* _Activity_
With all images omitted, write out the records word for word.

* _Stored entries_
╔══

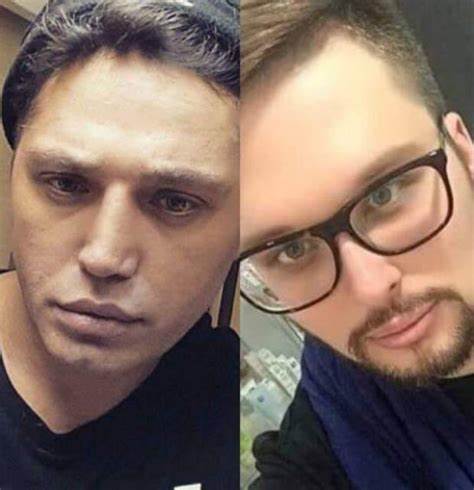 Егор халявин до и после пластики Егор халявин до и после пластики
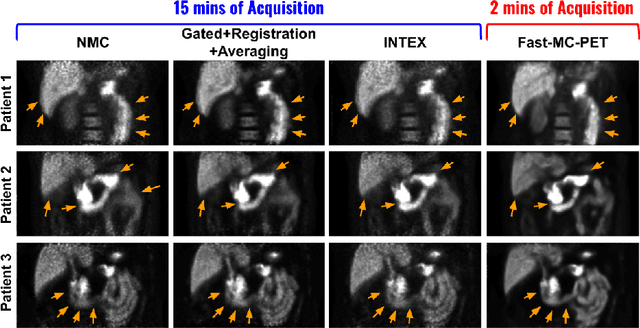 Figure 4 for Fast-MC-PET: A Novel Deep Learning-aided Motion Correction and Reconstruction Framework for Accelerated PET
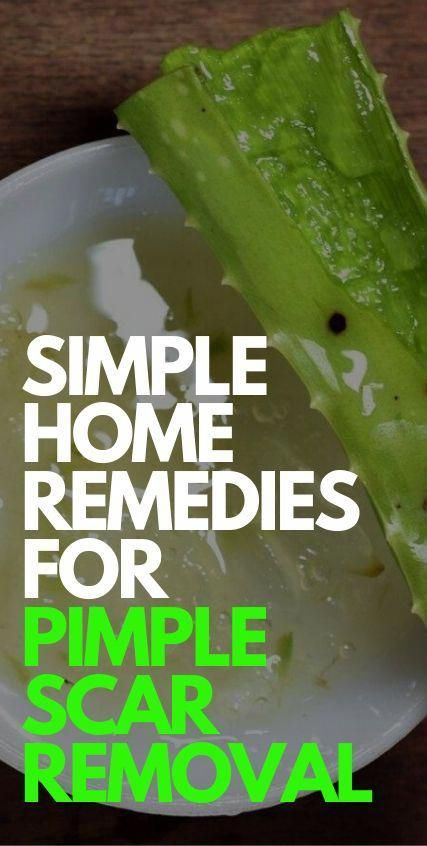 Nobody likes pimples obviously. The best way to keep your skin free of pimple marks is to prevent breakouts. 10 Pimple Scar Removal Tips Pimple Scars Removal, Pimples Remove Tips For Men, Pimple Under The Skin, Pimple Scar Removal, Scar Remedies, How To Clear Pimples, Home Remedies For Pimples, Get Rid Of Pimples, Blind Pimple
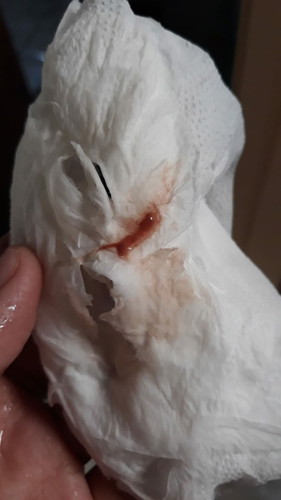 ให้นมบุตรขณะตั้งครรภ์ได้หรือไม่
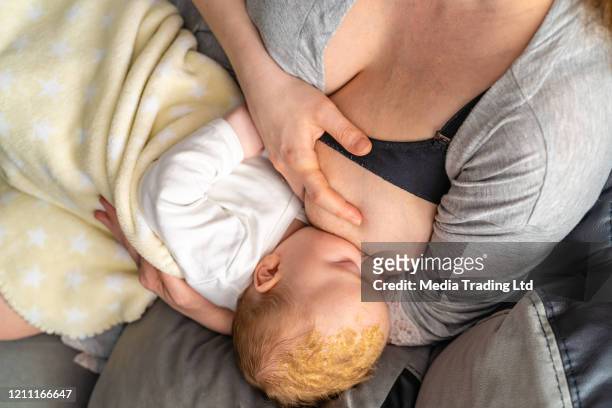 baby boy with dermatologic problem cradle cap seborrheic dermatitis eating from mum's breast breastfeeding - seborrheic dermatitis stock pictures, royalty-free photos & images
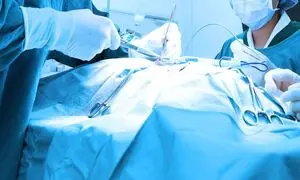 چند نکته کلیدی هنگام خرید شان جراحی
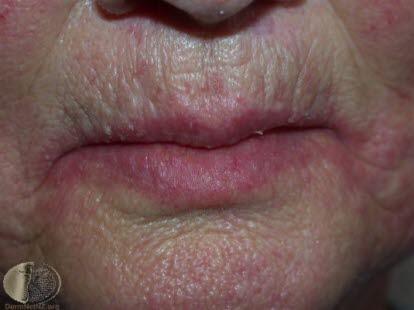 Angular cheilitis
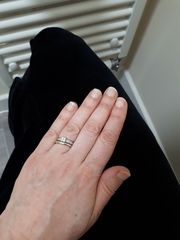 Nail biting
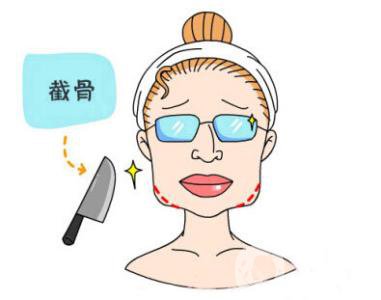 下頜角截骨手術(shù)頭套戴多久 恢復(fù)期要多久？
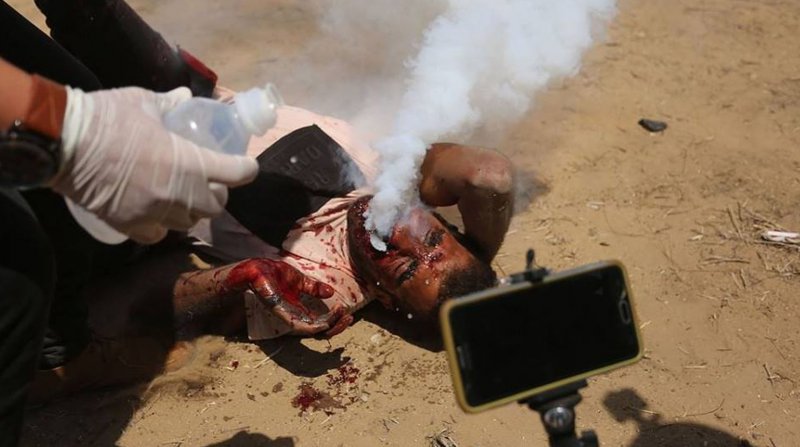 Ağzına gaz bombası isabet eden Filistinli Heysem: İsrail tedavimi engelliyor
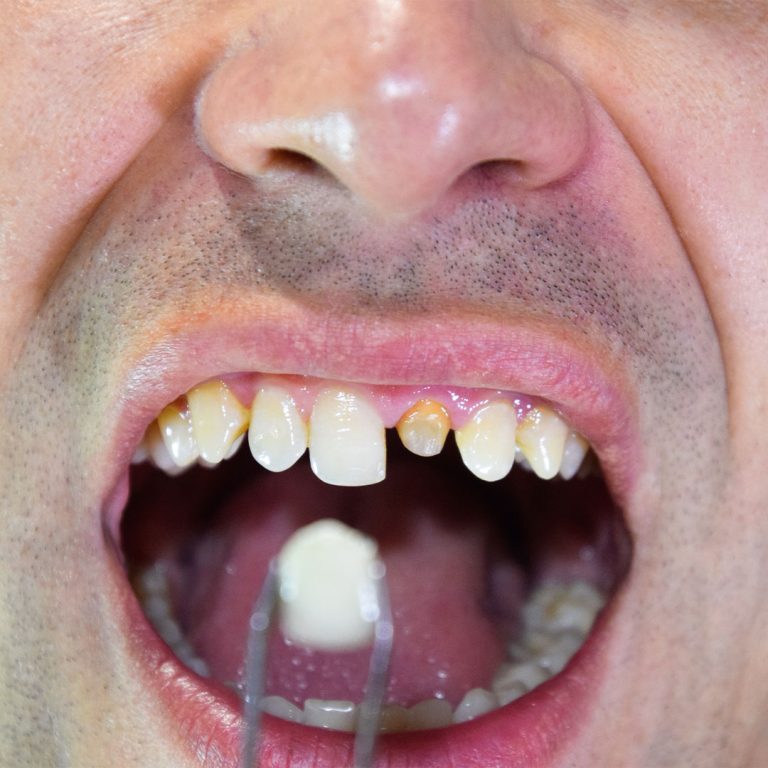 Broken or chipped tooth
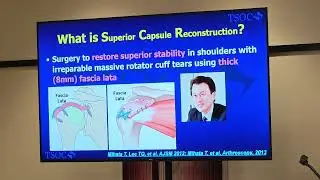 SCR : Graft Developments Future Xenograft Prof.Hiro Sugaya 1st ISCRA Meeting Sonoma California USA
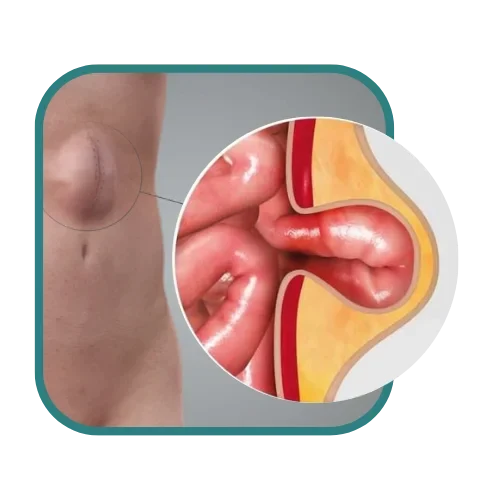 Eventraciones abdominales como Cirugías mayores
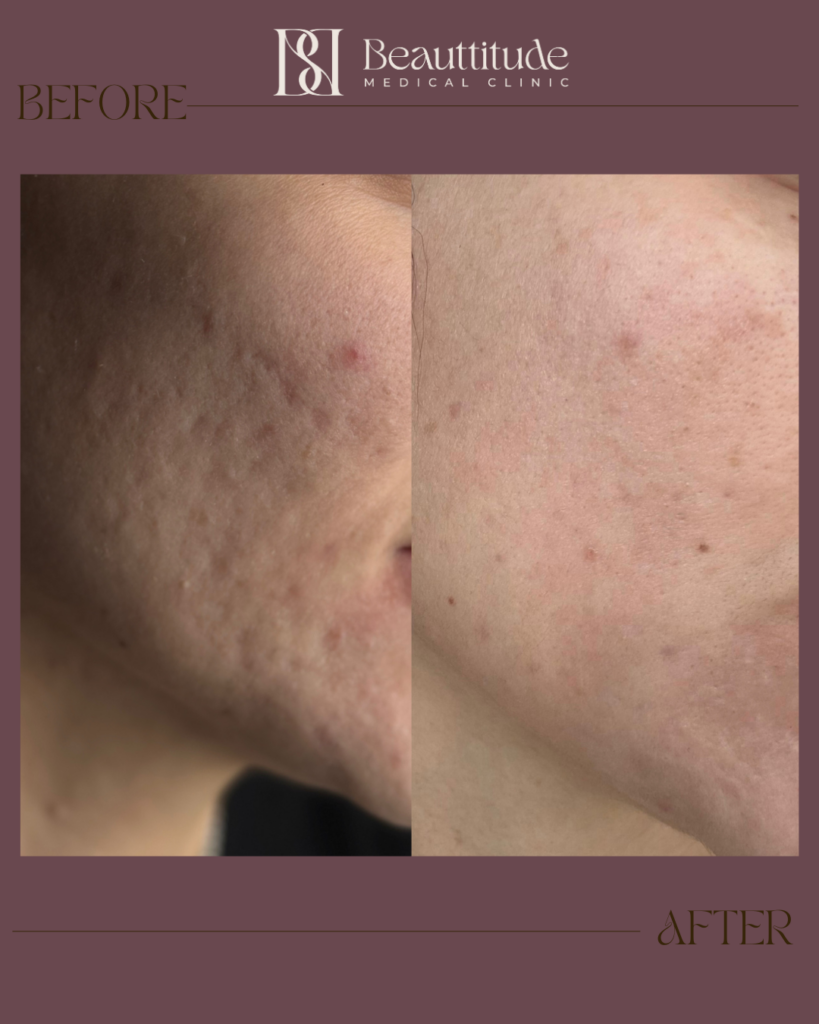 Beige Brown Neutral Before + After Instagram Post (Instagram Post (45)) - 9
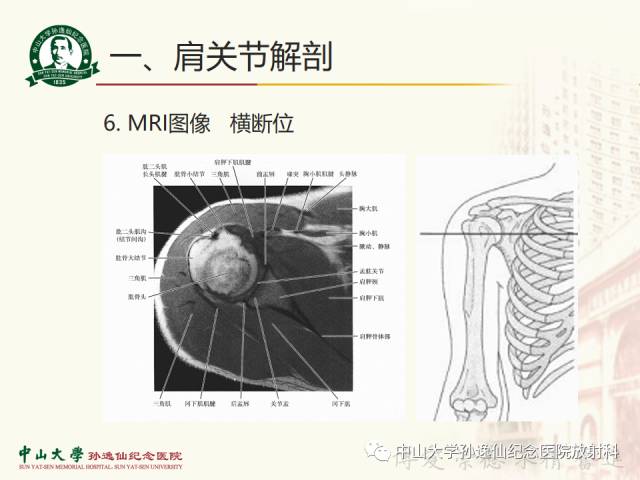 【PPT】肩关节解剖及常见病的MRI诊断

╚══

* _Result_
 Егор халявин до и после пластики Егор халявин до и после пластики
 Figure 4 for Fast-MC-PET: A Novel Deep Learning-aided Motion Correction and Reconstruction Framework for Accelerated PET
 Nobody likes pimples obviously. The best way to keep your skin free of pimple marks is to prevent breakouts. 10 Pimple Scar Removal Tips Pimple Scars Removal, Pimples Remove Tips For Men, Pimple Under The Skin, Pimple Scar Removal, Scar Remedies, How To Clear Pimples, Home Remedies For Pimples, Get Rid Of Pimples, Blind Pimple
 ให้นมบุตรขณะตั้งครรภ์ได้หรือไม่
 baby boy with dermatologic problem cradle cap seborrheic dermatitis eating from mum's breast breastfeeding - seborrheic dermatitis stock pictures, royalty-free photos & images
 چند نکته کلیدی هنگام خرید شان جراحی
 Angular cheilitis
 Nail biting
 下頜角截骨手術(shù)頭套戴多久 恢復(fù)期要多久？
 Ağzına gaz bombası isabet eden Filistinli Heysem: İsrail tedavimi engelliyor
 Broken or chipped tooth
 SCR : Graft Developments Future Xenograft Prof.Hiro Sugaya 1st ISCRA Meeting Sonoma California USA
 Eventraciones abdominales como Cirugías mayores
 Beige Brown Neutral Before + After Instagram Post (Instagram Post (45)) - 9
 【PPT】肩关节解剖及常见病的MRI诊断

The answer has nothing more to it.